Now, this example is without question a bastardization of how the Frequentism works. But it does portray a situation that is not well handled.

Bayesian Probability

Bayes Theorem, as we discussed, is just a formula. But there is an interpretation of probability that is consistent with the Theorem. Bayesian Theory says that the probability of an event is the degree of certainty that it happened(18). To go back to our 6-sided die, let’s consider the statement “the die will roll any number 1 time out of 6”. What is the probability this is true, given we just rolled a 4? Well, the probability of rolling a 4 on a fair die is 1/6. Let’s say that the probability the die is fair is 99%. What is the probability of rolling a 4 on a 6-sided die, without making the assumption that the die is fair? I would say that is 1/6 also. Plugging this into the Theorem means that the probability of the die being fair is now 99%, the same as before our roll. In other words, we didn’t learn anything from a single roll(19).

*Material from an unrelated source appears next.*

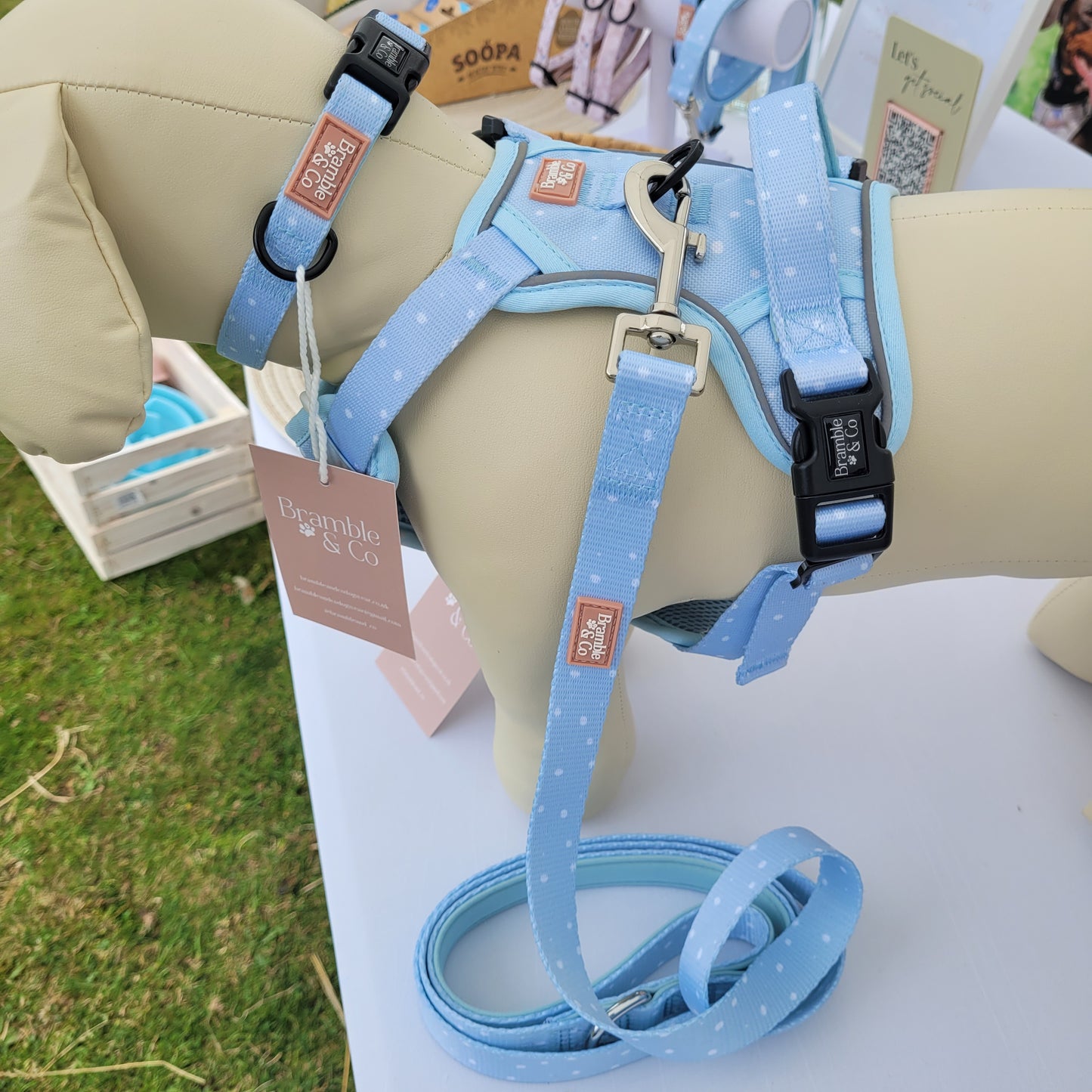 Lead - Beachy Blue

But you can see here a major drawback of Bayesian Probability. Where did we come up with 99% probability that the die was fair? We also made a guess at the probability of rolling a 4 on a die that isn’t necessarily fair. Where did we get that number from? These assumptions are called “Bayesian Priors,” and this is the main criticism of Bayesian Probability: you need to make assumptions as to probability prior to receiving any information.

The cartoon gives us a much better usage for Bayesian logic: what is the probability the sun has exploded, given that the machine says it has? Well, the probability the machine says “yes” if nova has happened is 35/36 = 97.2%; the probability that it says yes in general is 1/36 = 2.8%(20). Now we need to choose our Prior: what is the probability the sun exploded, before using the machine? I’m going to go with 0.00001%.

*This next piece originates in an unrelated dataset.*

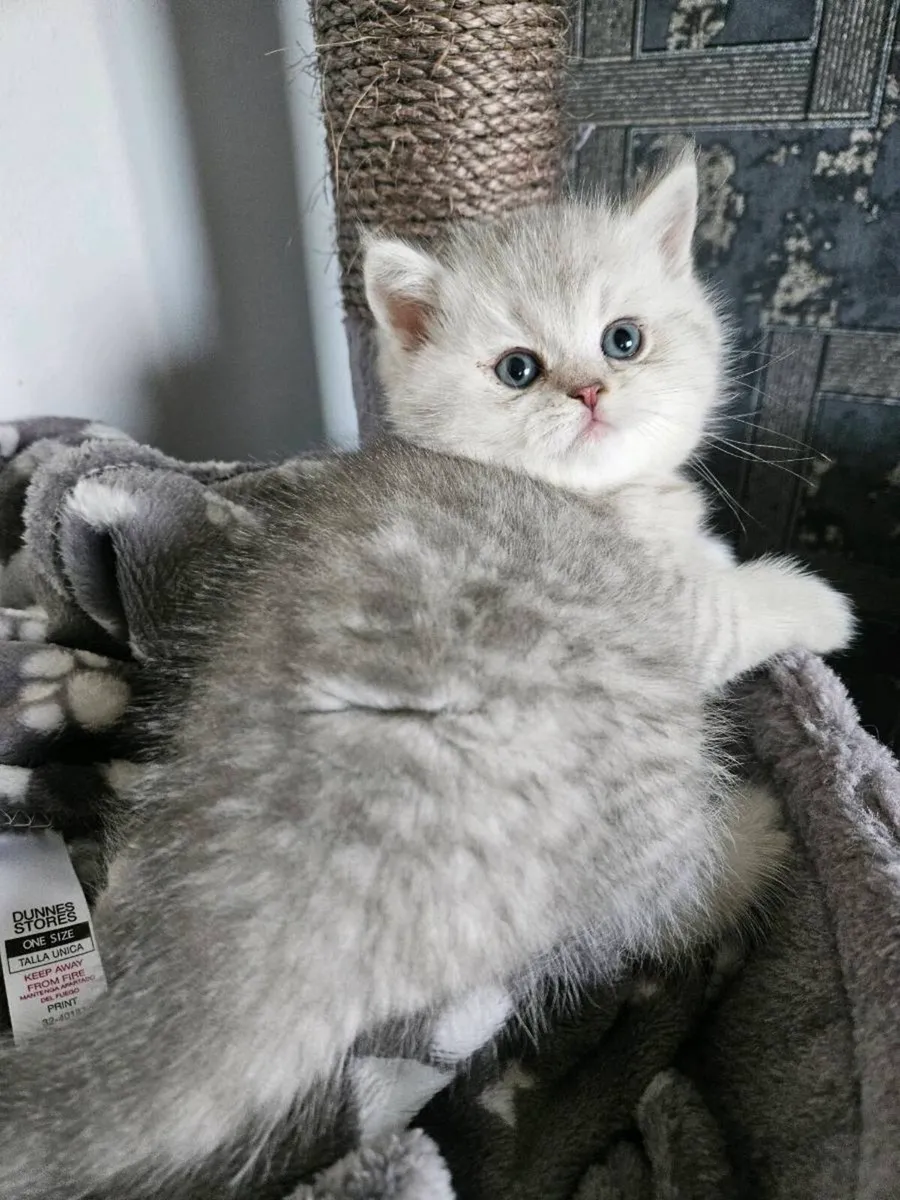 Scottish fold  and straight kittens - Image 4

This makes sense; it is far more likely that the machine lied than that the sun exploded(21).

For two groups of people who disagree only about the details of a subtle mathematical philosophy, Frequentists and Bayesians have an ongoing, contentious debate over “who is right.” I think that some of this is really a proxy battle between mathematicians and “hard scientists.” Hard scientists tend to prefer the Frequentist approach. They design an experiment and run it a bunch of times. If it comes out as expected, they write a paper, otherwise back to the drawing board. Hard scientists hate the Priors; how can you decide if you are right before you’ve done any experiments?

Mathematicians, surprisingly, tend to dislike the certainty that comes from the Frequentist approach. Remember our drug test example? It was based on pure mathematics, not Bayesian Theory, and left us with an uncertain result. There are many examples of science seeing a false positive and treating it as a Great Breakthrough. Mathematicians agree that Priors are annoying, but also find them useful. Before starting, you need to think about how the system works and consider what answer makes sense(22).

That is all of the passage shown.